The Politics of Presents.

So I’m at Target today doing a little Santa shopping for my four-year-old, Elby (luckily she’s not one of those super advanced four-year-olds you hear people brag about who can already read – otherwise I couldn’t even write this column) when it occurred to me that –horrors-I would have to buy gifts from Santa for my one-year-old twins as well. I hadn’t actually accounted for that because, after all, they’re ONE and don’t need or understand the concept of presents. But as I was grabbing a few things from Elby’s letter to Santa–a recorder, a book where you find the Disney fairy, a dream catcher (which, even though I found one at Barnes and Noble, I put back because, come on, it’s not the sixties and we don’t live on an Indian reservation) I pictured her waking up Christmas morning, finding her presents and then wondering why Santa didn’t bring the babies anything. “Were they bad this year?” she might wonder. “Am I more special?” “Do mommy and daddy love me more?” And the answer to all of those questions is of course, sort of. But that would require way too much explaining. Preschoolers have an innate sense of fairness. They are acutely aware of another child getting something they didn’t get as well as if they are favored over another child.  So, I realized, I’m screwed. I now have three kids to buy for and we’re on a budget.

 

After coming home and enjoying a little post shopping egg nog (made with low-fat egg nog mix), I calmed down quite a bit. I realized that with a couple of years behind me in the kid gift giving biz, I have a bit of knowledge. And as you know, knowledge is power. Not only that, but knowledge can prevent too much crying which is always a time and sanity saver. There are politics involved in gift giving and the best thing you can do is have a plan and then follow it no matter how many things you see that would be “just perfect!” for your adorable angel.

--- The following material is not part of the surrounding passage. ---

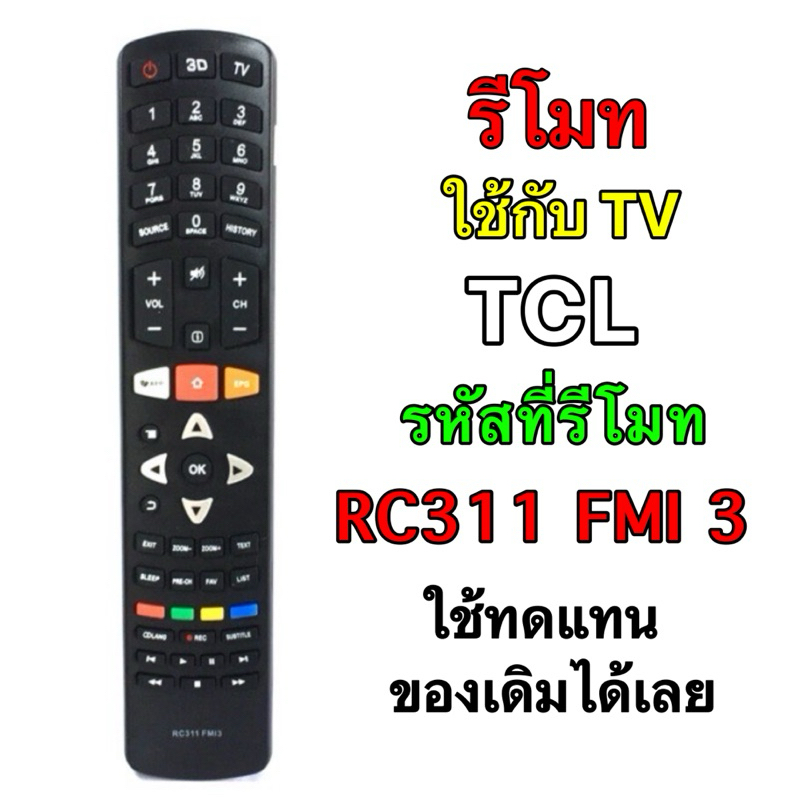 รีโมท TV TCL SMART TV รหัสที่รีโมท RC311 FMI 3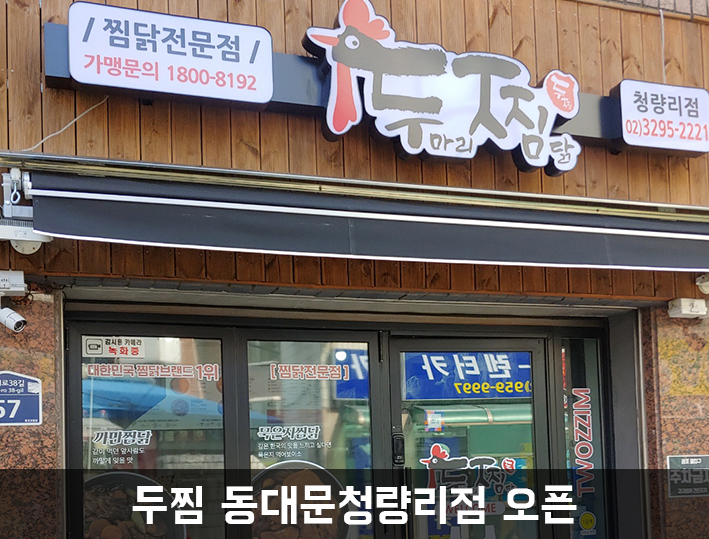 두마리찜닭두찜동대문 이미지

Here are a few rules I am following that can help you get through most gift giving that involves the under preschool set:

 

1. At least for my daughter (and no, she’s not spoiled –she’s four) quantity over quality is best for both of us. If presented with a choice between a $45 dollar magic wand from a cool kid’s boutique that specializes in a one of a kind wand which is an artistic treasure certain to “enchant any child’s imagination” or five shitty magic wands from the 99 Cents store –I’m going to happily save over 40 bucks.  Plus, either way, the thing is going to have lost its newness after a few days anyway and land in a toy chest never to be seen again. Or at least until it’s discovered by another child who wants to play with it at which point it will suddenly be “My special wand!”

tvtrace
01.05.09

Good advice. My daughter is only two so this Christmas wasn't that big of a deal to her. While she was facinated with the tree the presents were secondary.But I can already tell next Christmas will be different. My husband and I will have to make an effort! Damn.

Tracy
http://themoxiereport.blogspot.com

AmyF
12.23.08

I will say that once the kids are 6 or 7, if you are hosting a birthday party at home, you can kill a good half hour just on opening presents and they are ALL quiet and absorbed in it. After stupidly doing a big "invite all the classmates and parents" party for our oldest when she was 4, we have the home party down to a science. 2 hours...play games, hot dogs, cake, presents, kick them out....well, it's better if you wait for their parents to get there before you do that.

Amy
www.sofiabean.com

LilMisBusy
12.23.08

This was a great column - spot on. Last year, my mother-in-law bought a (probably quite expensive) set of real cooking tools for our daughter who had just turned 4, and had gotten a new baby brother just a few days before as well. My daughter hated the set - didn't understand it, didn't want it, and was totally rude about it. There wasn't much I could do in my three-day-post-birth haze, but my mother-in-law was terribly offended, and lashed out at me because of it. It was a total disaster. Fortunately, my daughter and my mother-in-law both came around, and we now regularly use the kitchen tools. But it made me feel just awful at the time. This year, my mother-in-law asked for some advice before going shopping, and hopefully we won't have a repeat episode. And at least her first few Hanukkah gifts have been well-received!